27th Speaker of the Legislative Assembly of Prince Edward Island
- In office May 11, 2000 – October 8, 2003
- Preceded by: Wilbur MacDonald
- Succeeded by: Greg Deighan

Member of the Legislative Assembly of Prince Edward Island for Tracadie-Fort Augustus
- In office November 18, 1996 – May 28, 2007
- Preceded by: Riding Established
- Succeeded by: Buck Watts

Personal details
- Born: April 12, 1941 (age 85) Fanningbrook, Prince Edward Island
- Party: Progressive Conservative

= Mildred Dover =

Canadian politician

Mildred Alice Dover (born 12 April 1941) is a former educator and Canadian politician, who was a member of the Legislative Assembly of Prince Edward Island from 1996 to 2007.

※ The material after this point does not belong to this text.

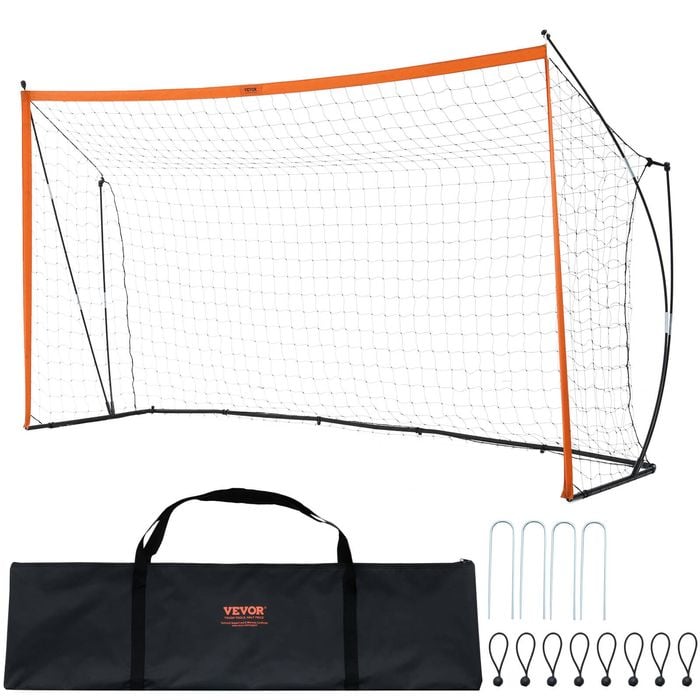 Vevor 364x193 Cm Portable Soccer Goal Orange Steel Fiberglass Structure With Carry Bag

A native of Fanningbrook, Prince Edward Island, she represented the electoral district of Tracadie-Fort Augustus and was a member of the Progressive Conservative Party. She served in the provincial cabinet as Minister of Health and Social Services, Attorney General and Minister of Education. Dover served as Speaker of the Legislative Assembly of Prince Edward Island from 2000 to 2003.

Dover was educated at Prince of Wales College and the University of Prince Edward Island. She taught school for 35 years and then began a career as a real estate agent in 1993. Dover was an unsuccessful candidate for a seat in the provincial assembly in 1993.